Canadian Law Firm Loses Daffy Argument About Privilege Issue

March 4, 2026

Clients can lose privilege protection through explicit waiver (caused by disclosure), implied waiver (usually caused by reliance on undisclosed privileged communication to gain some litigation advantage), or as a sanction for not complying with legal, rule or court requirements when withholding privileged communications during discovery. Some litigants present astounding arguments when hoping to avoid a privilege waiver.

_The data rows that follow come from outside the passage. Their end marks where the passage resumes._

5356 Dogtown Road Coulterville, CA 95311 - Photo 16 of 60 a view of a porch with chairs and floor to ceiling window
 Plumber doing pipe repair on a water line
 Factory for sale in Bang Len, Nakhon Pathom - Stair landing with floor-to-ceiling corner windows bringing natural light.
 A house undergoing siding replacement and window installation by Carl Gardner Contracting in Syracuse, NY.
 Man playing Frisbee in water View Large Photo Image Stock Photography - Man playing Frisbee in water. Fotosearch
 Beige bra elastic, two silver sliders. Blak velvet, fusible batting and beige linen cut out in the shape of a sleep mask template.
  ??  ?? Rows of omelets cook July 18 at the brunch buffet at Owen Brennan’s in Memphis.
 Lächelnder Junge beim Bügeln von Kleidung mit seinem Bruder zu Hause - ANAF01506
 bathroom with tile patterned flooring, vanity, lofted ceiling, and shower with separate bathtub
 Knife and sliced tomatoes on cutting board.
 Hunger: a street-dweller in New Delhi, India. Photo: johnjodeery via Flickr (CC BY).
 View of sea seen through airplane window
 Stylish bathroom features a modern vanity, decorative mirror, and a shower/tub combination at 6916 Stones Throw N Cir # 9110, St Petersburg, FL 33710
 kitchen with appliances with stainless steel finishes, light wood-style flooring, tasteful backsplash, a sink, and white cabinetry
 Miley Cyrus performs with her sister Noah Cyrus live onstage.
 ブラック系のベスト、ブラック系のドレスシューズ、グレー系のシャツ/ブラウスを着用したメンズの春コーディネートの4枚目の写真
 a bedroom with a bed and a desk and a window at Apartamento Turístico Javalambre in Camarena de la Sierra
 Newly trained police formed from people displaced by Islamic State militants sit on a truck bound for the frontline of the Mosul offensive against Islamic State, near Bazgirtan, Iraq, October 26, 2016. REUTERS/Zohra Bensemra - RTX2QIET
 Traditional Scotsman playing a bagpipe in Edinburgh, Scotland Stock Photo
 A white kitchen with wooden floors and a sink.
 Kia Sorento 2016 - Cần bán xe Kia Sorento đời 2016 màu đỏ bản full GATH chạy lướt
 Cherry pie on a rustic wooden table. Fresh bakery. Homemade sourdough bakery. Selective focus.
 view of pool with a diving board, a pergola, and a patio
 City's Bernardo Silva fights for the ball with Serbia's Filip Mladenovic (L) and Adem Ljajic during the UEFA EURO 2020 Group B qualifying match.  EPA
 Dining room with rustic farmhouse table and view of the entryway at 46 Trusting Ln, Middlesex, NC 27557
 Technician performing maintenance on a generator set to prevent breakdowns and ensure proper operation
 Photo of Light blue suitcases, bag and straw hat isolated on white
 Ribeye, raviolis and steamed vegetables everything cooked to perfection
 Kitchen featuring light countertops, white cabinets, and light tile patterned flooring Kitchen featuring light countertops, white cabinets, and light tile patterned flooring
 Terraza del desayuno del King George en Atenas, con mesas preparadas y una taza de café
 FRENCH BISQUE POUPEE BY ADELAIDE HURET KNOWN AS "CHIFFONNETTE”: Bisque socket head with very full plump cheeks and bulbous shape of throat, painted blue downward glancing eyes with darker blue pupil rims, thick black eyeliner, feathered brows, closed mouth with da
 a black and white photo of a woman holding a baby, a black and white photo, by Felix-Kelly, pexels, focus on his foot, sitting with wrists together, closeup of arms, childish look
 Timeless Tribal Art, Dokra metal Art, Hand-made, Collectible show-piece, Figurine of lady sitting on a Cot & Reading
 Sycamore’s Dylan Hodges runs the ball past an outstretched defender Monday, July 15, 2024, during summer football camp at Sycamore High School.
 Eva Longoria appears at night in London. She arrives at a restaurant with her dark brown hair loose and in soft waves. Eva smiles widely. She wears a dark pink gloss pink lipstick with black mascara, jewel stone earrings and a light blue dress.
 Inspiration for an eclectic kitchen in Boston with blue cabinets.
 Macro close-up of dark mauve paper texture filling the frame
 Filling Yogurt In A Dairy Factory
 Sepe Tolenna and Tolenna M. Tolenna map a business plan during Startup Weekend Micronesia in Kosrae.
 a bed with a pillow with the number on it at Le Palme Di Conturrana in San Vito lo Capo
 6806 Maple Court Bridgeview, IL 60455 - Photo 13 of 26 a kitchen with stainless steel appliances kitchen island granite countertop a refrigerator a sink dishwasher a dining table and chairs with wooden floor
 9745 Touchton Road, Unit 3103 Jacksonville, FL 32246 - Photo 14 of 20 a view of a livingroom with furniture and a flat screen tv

In Brock v. VeroBlue Farms USA, Inc., No. 25-CV-3034-CJW-KEM, 2026 U.S. Dist. LEXIS 2991 (N.D. Iowa Jan. 8. 2026), a Canadian law firm was targeted for discovery in an adversary bankruptcy proceeding. The firm finally produced a privilege log only after being held in contempt — but the log contained “no explanatory information about the contents” of the 7,000 documents for which it claimed blanket privilege protection. Id. at *15 (internal citation omitted). The firm appealed the bankruptcy court’s summary judgment order to produce the documents, and the matter was eventually transferred to a magistrate judge — who addressed the law firm’s “limited argument that it cannot waive attorney-client privilege because it is not the client.” Id. at *16-17.

After noting that “none of [the law firm’s] cited cases” supported its unique argument, the magistrate judge unsurprisingly ordered production of the documents — explaining that “[t]he requirement to produce a privilege log is better understood as part of the burden of proving privilege, rather than under the waiver doctrine.” Id. at *14-16. Because the law generally disfavors parties’ withholding of potentially relevant evidence, wildly imaginative arguments supporting such withholding usually fail.